Re: TODO : Allow parallel cores to be used by vacuumdb [ WIP ]

From: Alvaro Herrera <alvherre(at)2ndquadrant(dot)com>
To: Amit Kapila <amit(dot)kapila16(at)gmail(dot)com>
Cc: Dilip kumar <dilip(dot)kumar(at)huawei(dot)com>, Andres Freund <andres(at)2ndquadrant(dot)com>, Magnus Hagander <magnus(at)hagander(dot)net>, Jan Lentfer <Jan(dot)Lentfer(at)web(dot)de>, Tom Lane <tgl(at)sss(dot)pgh(dot)pa(dot)us>, PostgreSQL-development <pgsql-hackers(at)postgresql(dot)org>, Sawada Masahiko <sawada(dot)mshk(at)gmail(dot)com>, Euler Taveira <euler(at)timbira(dot)com(dot)br>
Subject: Re: TODO : Allow parallel cores to be used by vacuumdb [ WIP ]
Date: 2015-01-22 17:46:01
Message-ID: 20150122174601.GB1663@alvh.no-ip.org
Views: Raw Message | Whole Thread | Download mbox | Resend email
Thread:
Lists: pgsql-hackers

Here's v23.

I reworked a number of things. First, I changed trivial stuff like
grouping all the vacuuming options in a struct, to avoid passing an
excessive number of arguments to functions. full, freeze, analyze_only,
and_analyze and verbose are all in a single struct now. Also, the
stage_commands and stage_messages was duplicated by your patch; I moved
them to a file-level static struct.

I made prepare_command reset the string buffer and receive an optional
table name, so that it can append it to the generated command, and
append the semicolon as well. Forcing the callers to reset the string
before calling, and having them add the table name and semicolon
afterwards was awkward and unnecessarily verbose.

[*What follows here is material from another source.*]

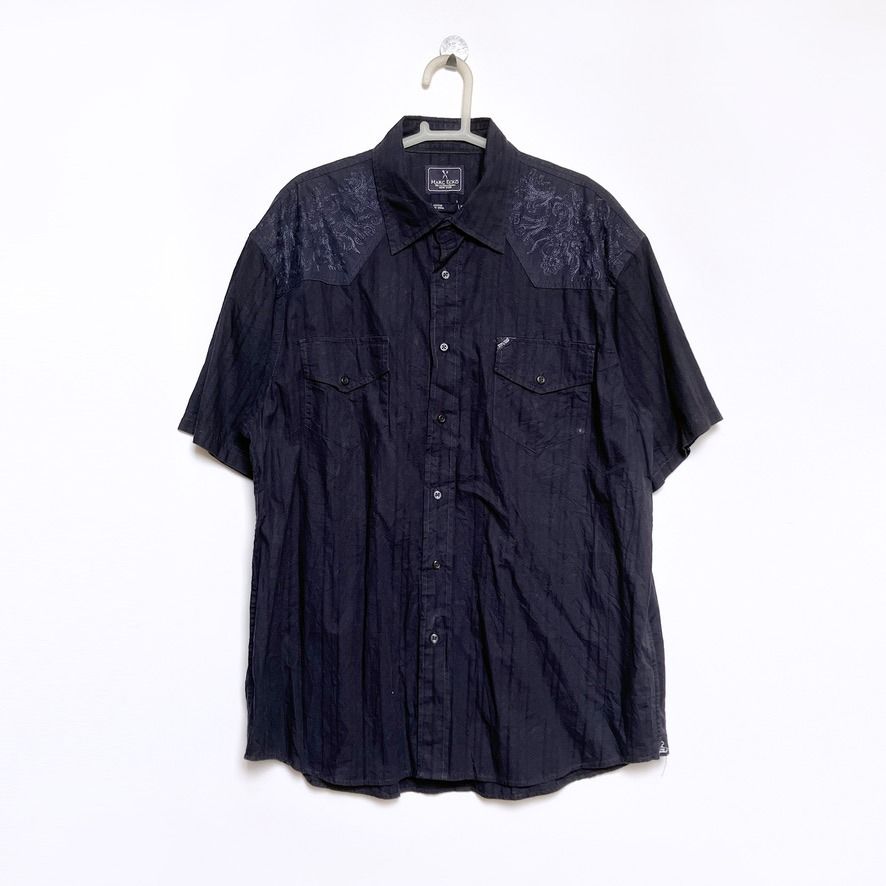 MARC ECKO – Deep Navy Short Sleeve Shirt (Category: Formal Shirts) located in Taguig. Submitted by shopharee (Listing ID 1400045608, Image 1). Description: MEASUREMENTS ('Laid Flat' in Inches): 🔸 Shoulder : 20.00'' 🔸 Pit to Pit : 25.00'' 🔸 Sleeves : 10.00'' 🔸 Length : 30.00'' 🔸 Bottom : 25.00'' ITEM CONDITIONS: 🔸 Material Quality: 10/10 🔸 Color rating: 9.5/10 🔸 Appearance: 10/10 🔸 Minimal signs of usage. 🔸 See photos for more details. �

You had a new in_abort() function in common.c which seems an unnecessary
layer; in its place I just exported the inAbort boolean flag it was
returning, and renamed to CancelRequested.

I was then troubled by the fact that vacuum_one_database() was being
called in a loop by main() when multiple tables are vacuumed, but
vacuum_parallel() was doing the loop internally. I found this
discrepancy confusing, so I renamed that new function to
vacuum_one_database_parallel and modified the original
vacuum_one_database to do the loop internally as well. Now they are, in
essence, a mirror of each other, one doing the parallel stuff and one
doing it serially. This seems to make more sense to me -- but see
below.

I also modified some underlying stuff like GetIdleSlot returning a
ParallelSlot pointer instead of an array index. Since its caller always
has to dereference the array with the given index, it makes more sense
to return the right element pointer instead, so I made it do that.
Also, that way, instead of returning NO_SLOT in case of error it can
just return NULL; no need for extra cognitive burden.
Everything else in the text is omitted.